BC companies making waves with Canada’s first shipment of LNG to China
December 14, 2017 by Scott Neufeld
Early Thursday morning, after a journey of more than 9,000 kilometres, the first shipment of liquefied natural gas from Canada arrived in China.
A single ISO container of gas left FortisBC’s Tilbury LNG storage facility in mid-November. Days later, it set sail through Burrard Inlet on its journey to its final destination in China on Dec. 14. Although the shipment is small at about 17 tonnes or 950 gigajoules of gas, it’s a turning point for BC’s LNG industry.
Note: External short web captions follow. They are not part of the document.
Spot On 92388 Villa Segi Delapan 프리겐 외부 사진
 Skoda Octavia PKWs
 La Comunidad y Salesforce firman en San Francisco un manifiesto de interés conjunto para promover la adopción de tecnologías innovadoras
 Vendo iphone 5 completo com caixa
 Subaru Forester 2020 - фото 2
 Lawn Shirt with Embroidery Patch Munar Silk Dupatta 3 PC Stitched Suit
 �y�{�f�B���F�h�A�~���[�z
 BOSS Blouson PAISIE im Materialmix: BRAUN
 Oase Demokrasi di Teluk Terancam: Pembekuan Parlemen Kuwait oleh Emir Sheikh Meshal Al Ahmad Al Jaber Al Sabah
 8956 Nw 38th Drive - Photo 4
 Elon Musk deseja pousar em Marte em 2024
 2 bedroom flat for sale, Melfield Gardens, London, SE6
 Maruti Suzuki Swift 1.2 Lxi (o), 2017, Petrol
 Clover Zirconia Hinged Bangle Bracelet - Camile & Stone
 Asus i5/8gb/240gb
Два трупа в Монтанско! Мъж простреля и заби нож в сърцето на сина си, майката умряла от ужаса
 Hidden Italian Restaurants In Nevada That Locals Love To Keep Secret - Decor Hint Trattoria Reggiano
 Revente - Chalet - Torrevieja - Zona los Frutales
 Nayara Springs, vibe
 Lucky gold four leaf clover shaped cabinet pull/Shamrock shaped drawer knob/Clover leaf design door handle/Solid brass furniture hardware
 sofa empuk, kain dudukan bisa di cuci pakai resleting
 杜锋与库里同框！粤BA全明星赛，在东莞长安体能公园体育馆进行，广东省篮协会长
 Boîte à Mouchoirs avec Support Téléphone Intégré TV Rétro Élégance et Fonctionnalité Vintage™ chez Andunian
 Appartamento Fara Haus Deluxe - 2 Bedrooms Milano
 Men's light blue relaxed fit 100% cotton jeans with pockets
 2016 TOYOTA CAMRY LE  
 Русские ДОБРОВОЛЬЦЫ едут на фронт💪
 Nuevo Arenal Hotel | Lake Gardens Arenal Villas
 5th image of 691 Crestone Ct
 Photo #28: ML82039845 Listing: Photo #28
“It is just the beginning of the golden age of natural gas,” said Calvin Xu, CEO of True North Energy, which oversaw the logistics of the shipment. “There are still huge opportunities for BC to supply LNG to China.”
Calvin Xu, CEO, True North Energy
The event is a milestone for Xu whose energy industry journey started in 2009 when he was the Asia Pacific business development director for a BC-based compressed natural gas equipment manufacturer. By 2014 he was working with a new venture to develop a mini-LNG factory project for LNG energy users in the North. In 2015, Xu co-founded True North Energy with the mission of deploying new innovations and business solutions to accelerate the adoption of natural gas for industrial use.
Since acquiring an LNG export license in 2015, True North has been eyeing the Asian market. Finally, earlier this year, came a breakthrough.
“In early 2017, we signed an LNG supply agreement with the buyer from China,” Xu said.
Xu turned to FortisBC and its Tilbury LNG storage facility to supply the fuel for the shipment. True North looked after importing the ISO container, the LNG supply arrangement, managing logistics, export documentation and reporting.
“At FortisBC, we’re evolving to meet the needs of our customers as they work to reduce greenhouse gas emissions, both in BC and abroad,” said Vito Triggiano, FortisBC’s director of LNG Market Development. “This first shipment will help an industrial customer in China make the transition from coal to cleaner natural gas.”
Vito Triggiano, FortisBC, director of LNG Market Development
Canada’s first export shipment took a route less travelled. The voyage was by container ship, bypassing receiving LNG terminals and regasification facilities. This simplified process reduces the cost and infrastructure constraints of the conventional model of shipping by LNG tanker.
“The main advantage of shipping LNG by ISO containers is high flexibility,” Xu said. “Instead of relying on dedicated LNG carriers, exporting and receiving terminals, ISO containers enable us to utilize existing container ports, ships, trucks and rails to transport the LNG.”
China has been ramping up its fight against pollution. The central government is now aggressively moving to transition coal users to cleaner natural gas. The goal is to steadily increase the natural gas share from about six per cent of the energy mix in 2015 to 10 per cent by 2020 and 15 per cent by 2030. But there’s a snag, China’s domestic supply can’t keep pace with this surging demand.
To keep up, in the last six years alone China has tripled its LNG imports. By 2018, the country is projected to eclipse neighbouring South Korea as the world’s second largest LNG importer. Despite this impressive growth, coal still loomed large in 2016 accounting for 62 per cent of the energy mix.
Enter BC, which has two significant advantages in the race to supply China with natural gas. First, its abundant natural gas supply is expected to satisfy domestic and export demand for 150 years. Another advantage is its proximity to Asia.
“Shorter transit time means lower transportation costs and quicker turnaround, which make exporting LNG from BC to China more competitive than any other North American location,” Xu said.
FortisBC is expanding the Tilbury LNG storage facility to meet growing domestic demand and help customers like True North Energy supply overseas markets. With the first shipment having reached China, FortisBC is now looking forward to a new shipment of four ISO containers to China in mid-December and the prospect of more LNG shipments in the new year.
“We’re still focused on our domestic LNG market and helping our industrial and heavy-duty vehicle customers in BC transition to lower-carbon natural gas,” Triggiano said. “But supplying overseas markets will not only reduce greenhouse gas emissions globally, it could have the added benefit of stabilizing rates for existing customers, especially during the summer months when home heating needs are low.”